Much of the interest has come from high school students who want to split their time between regular and online classes. Three schools — Schwettman Education Center, Irvin Education Center and Mitchell High — have made their campus computer labs available for students to take the courses without going home.
At the education centers, that has allowed students to make up credits needed to get back on track for an on-time high school graduation, Glenn said. At Mitchell, it has given students the opportunity to take advanced Spanish and algebra classes that they otherwise could not access.
"Virtual provides for students to accelerate their learning," Glenn explained.
She expected other schools to look into making space available for students to take online courses. One of the key concerns remains supervision.

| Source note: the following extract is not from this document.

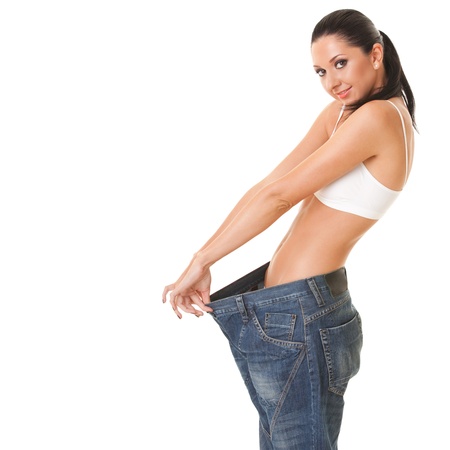 Pretty woman shows her weight loss by wearing an old jeans, isolated on white backgroundの写真素材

Some schools might not be able to sacrifice an employee to monitor the computer lab, especially in lean financial times. But if enough students show interest, that might justify the expense.
Board member Kathryn Starkey asked if students in lower grades can take virtual courses in upper levels.
The eSchool doesn't offer that option currently, Glenn said, but it is on the table for consideration. Virtual schooling is supposed to let students work at their own pace and their own level, she noted, so it would make sense.
"That has been one of the policy and procedural issues we have been working on behind the scenes," Glenn said. "We have to go slowly. … (But) we do want to make sure we have courses available for the students who are ready."
District officials did not begin full planning for the eSchool until the late spring. They had lobbied Florida lawmakers to back off their mandate that every county have an independent online school for K-8 students, arguing the money could be spent better.
Instead, the Legislature expanded the mandate to include all grade levels. Pasco didn't even have its online instructors hired until August.
Now it's working on more of the fine points, such as marketing and cross-level course enrollment. The school is forming an advisory council to help guide its path.